十里红妆相迎 (2 / 5)
和亲之期定在一月之后。自那日被召见,夏侯怜月便被移出冷宫,安置于僻静小院。每日皆有嬷嬷前来教导规矩、调教身子,授他以取悦乾元之术。
当那枚用以提升敏感度的药栓被推入后穴时,煎熬才真正开始……
一月有余,和亲队伍抵达大曜国都白玉京。夏侯怜月身着大红嫁衣,头绾金龙钗,端坐花轿之内。又长又粗的玉势栓卡在后穴深处,死死咬住敏感之处,那是临行前嬷嬷强行为他戴上的“贞操锁”。

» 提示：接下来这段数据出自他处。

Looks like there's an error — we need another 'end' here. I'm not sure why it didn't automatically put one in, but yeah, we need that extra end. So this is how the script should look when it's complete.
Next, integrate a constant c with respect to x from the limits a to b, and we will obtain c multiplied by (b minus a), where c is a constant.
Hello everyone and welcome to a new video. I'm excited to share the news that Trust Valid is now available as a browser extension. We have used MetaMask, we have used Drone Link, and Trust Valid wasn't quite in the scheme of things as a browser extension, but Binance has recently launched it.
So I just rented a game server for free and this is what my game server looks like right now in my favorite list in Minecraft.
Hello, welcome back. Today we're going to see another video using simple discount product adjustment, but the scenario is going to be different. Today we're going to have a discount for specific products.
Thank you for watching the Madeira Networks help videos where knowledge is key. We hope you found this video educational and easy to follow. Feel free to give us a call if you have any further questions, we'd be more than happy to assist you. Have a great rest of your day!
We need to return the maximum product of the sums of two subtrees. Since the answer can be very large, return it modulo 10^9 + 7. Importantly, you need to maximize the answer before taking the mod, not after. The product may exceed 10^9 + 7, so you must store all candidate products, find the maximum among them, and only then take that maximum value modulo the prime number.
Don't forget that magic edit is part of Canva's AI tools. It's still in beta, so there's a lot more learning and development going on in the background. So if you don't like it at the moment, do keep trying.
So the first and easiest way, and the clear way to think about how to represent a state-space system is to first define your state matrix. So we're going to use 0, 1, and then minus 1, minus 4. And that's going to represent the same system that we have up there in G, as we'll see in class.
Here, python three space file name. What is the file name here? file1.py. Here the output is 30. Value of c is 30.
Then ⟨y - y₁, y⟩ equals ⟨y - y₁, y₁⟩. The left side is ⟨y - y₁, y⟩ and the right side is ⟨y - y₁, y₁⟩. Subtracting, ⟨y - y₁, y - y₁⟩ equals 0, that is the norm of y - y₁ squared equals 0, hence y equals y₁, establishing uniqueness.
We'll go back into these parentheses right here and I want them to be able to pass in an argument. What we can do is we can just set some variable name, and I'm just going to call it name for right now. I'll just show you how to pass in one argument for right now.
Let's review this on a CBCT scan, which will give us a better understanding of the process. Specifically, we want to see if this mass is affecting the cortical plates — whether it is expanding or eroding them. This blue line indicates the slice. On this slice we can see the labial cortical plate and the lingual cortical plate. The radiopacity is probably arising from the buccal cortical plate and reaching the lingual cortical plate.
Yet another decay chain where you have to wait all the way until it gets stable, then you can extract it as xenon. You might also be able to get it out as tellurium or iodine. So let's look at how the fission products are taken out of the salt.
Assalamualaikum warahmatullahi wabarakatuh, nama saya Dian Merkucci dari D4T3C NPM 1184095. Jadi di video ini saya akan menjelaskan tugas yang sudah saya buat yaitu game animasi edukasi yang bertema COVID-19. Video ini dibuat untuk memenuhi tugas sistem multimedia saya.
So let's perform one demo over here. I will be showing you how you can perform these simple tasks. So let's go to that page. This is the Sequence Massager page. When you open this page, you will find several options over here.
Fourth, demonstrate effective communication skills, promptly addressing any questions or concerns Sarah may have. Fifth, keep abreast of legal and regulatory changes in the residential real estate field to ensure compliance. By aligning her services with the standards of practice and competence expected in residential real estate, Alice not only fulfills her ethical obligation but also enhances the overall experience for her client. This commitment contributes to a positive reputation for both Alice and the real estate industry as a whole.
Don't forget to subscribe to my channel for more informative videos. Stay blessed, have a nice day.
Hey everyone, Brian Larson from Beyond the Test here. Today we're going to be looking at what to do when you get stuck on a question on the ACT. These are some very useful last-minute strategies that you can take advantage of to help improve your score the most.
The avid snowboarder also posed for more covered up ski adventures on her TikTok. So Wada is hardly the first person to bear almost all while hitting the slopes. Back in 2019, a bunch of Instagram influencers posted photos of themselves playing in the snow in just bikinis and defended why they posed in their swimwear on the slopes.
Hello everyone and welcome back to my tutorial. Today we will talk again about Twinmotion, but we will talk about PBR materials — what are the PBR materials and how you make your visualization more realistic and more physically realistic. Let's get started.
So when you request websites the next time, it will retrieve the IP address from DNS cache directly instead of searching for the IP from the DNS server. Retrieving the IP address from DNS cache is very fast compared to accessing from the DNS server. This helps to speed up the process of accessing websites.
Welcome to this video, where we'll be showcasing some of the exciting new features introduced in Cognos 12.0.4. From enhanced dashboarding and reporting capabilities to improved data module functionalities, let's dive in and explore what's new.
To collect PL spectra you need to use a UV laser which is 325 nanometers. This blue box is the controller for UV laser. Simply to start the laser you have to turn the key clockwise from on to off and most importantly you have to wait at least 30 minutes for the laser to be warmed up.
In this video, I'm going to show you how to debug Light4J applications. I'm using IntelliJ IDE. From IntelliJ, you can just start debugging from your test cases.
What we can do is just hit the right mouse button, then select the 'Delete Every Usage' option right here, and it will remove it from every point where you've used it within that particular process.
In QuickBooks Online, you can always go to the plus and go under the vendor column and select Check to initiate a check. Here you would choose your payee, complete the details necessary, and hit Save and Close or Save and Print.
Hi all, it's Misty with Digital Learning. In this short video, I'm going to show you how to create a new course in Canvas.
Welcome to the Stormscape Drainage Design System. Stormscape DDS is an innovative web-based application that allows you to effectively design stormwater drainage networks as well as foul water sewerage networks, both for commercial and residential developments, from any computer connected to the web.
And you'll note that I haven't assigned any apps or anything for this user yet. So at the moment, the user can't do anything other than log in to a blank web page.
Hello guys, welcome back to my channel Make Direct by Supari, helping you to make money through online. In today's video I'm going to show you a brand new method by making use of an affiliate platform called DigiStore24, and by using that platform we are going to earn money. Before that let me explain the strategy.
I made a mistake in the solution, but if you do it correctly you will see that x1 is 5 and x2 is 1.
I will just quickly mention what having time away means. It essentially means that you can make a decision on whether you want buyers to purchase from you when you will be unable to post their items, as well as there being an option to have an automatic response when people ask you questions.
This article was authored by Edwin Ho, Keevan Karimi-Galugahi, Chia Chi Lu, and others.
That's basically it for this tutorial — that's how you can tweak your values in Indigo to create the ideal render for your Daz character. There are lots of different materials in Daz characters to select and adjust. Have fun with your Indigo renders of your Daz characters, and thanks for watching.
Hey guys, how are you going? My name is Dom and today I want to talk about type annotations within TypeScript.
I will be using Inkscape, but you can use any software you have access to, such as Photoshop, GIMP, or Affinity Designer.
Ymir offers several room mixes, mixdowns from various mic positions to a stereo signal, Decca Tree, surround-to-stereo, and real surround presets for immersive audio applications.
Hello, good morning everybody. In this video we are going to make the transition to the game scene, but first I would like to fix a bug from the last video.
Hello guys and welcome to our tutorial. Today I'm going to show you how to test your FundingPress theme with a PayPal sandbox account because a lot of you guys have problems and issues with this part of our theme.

路途遥远颠簸,起初他几乎难以行走,但半月颠沛之后,已能勉强抑住情动之色,不露于外。
轿外随行的两名侍女低声交谈,字字清晰传入他耳中:
“二皇子当真可怜……爹不疼娘不爱,如今还要送去和亲。听说那武安王在战场上杀人不眨眼,性情更是阴晴不定、跋扈专横,这一去怕是……”
“可不是么。还听说武安王曾将倾慕她的吏部尚书之子绑于马后,拖行过市。尚书奏本直呈女帝,你猜结果如何?”
“如何?”
“女帝非但未治武安王之罪,反责尚书教子无方。这还不止,当夜尚书府便走了水!那武安王一气之下,纵火焚了整座府邸!”
从这寥寥数语中,不难想见武安王是何等喜怒无常、行事狠戾之人。夏侯怜月浑身发冷,止不住地轻颤。他真能在这样的人手中活下去吗?他毫无把握。